Virtually nothing is known about Brome's private life. Repeated allusions in contemporary works, like Ben Jonson's Bartholomew Fair, indicate that Brome started out as a servant of Jonson, in some capacity. Scholars have interpreted the allusions to mean that Brome may have begun as a menial servant but later became a sort of secretary and general assistant to the older playwright. A single brief mention of his family's need seems to show that he had a wife and children and struggled to support them.

He may have had some experience as a professional actor: a 1628 warrant lists him as a member of the Queen of Bohemia's Men. Yet he had already started writing for the stage by this date. An early collaboration, A Fault in Friendship (now lost) was licensed in 1623 for Prince Charles's Men; a 1629 solo Brome effort, The Lovesick Maid (also lost), was a success for the King's Men. The Northern Lass (1632) was another success, and made Brome's reputation.
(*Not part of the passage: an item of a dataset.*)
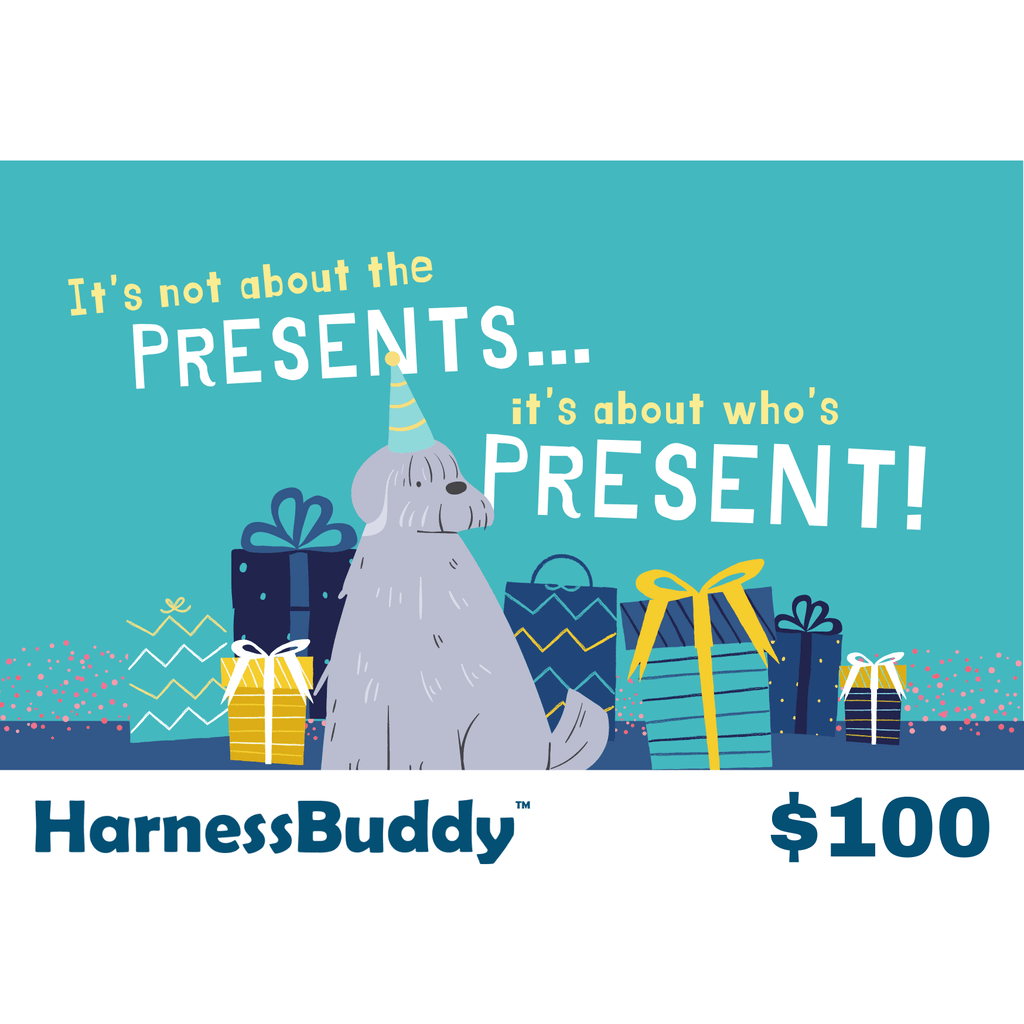 HarnessBuddy™ Gift Card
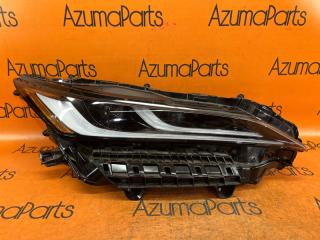 Фара правая TOYOTA HARRIER AXUH80 48-233 1 ракурс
Due to the survival of various legal documents, much more is known about Brome's professional activities than his personal life. Once established as a dramatist, Brome wrote for all the major acting companies and theaters of his era — for the Blackfriars Theatre ; for the Red Bull Theatre; and from 1635 onward, for the King's Revels Company and Queen Henrietta's Men at the Salisbury Court Theatre. Brome's Sparagus Garden was a huge success at the Salisbury Court in 1635, earning over £1000. As a result, Brome signed a three-year contract with Richard Heton, manager of the Salisbury Court, to write three plays annually at a salary of 15 shillings per week plus one day's profit per play. Brome, however, was unable to produce dramas at the promised pace; and the stipulated payments to Brome were not kept up. In need of money, Brome resorted to Christopher Beeston, actor, impresario, and owner of the Cockpit Theatre (also known as the Phoenix) as well as the Red Bull. In August 1635 Beeston loaned Brome £6, and in return Brome committed to write Beeston a play. Heton tried to lure Brome back with a £10 payment for a new play; but they fell behind in his payments again, and Brome turned again to Beeston. Heton appealed to Sir Henry Herbert, Master of the Revels, to settle the dispute; Herbert decreed that Brome be paid six shillings a week and £5 for each new play, the payments to continue even when the theaters were closed.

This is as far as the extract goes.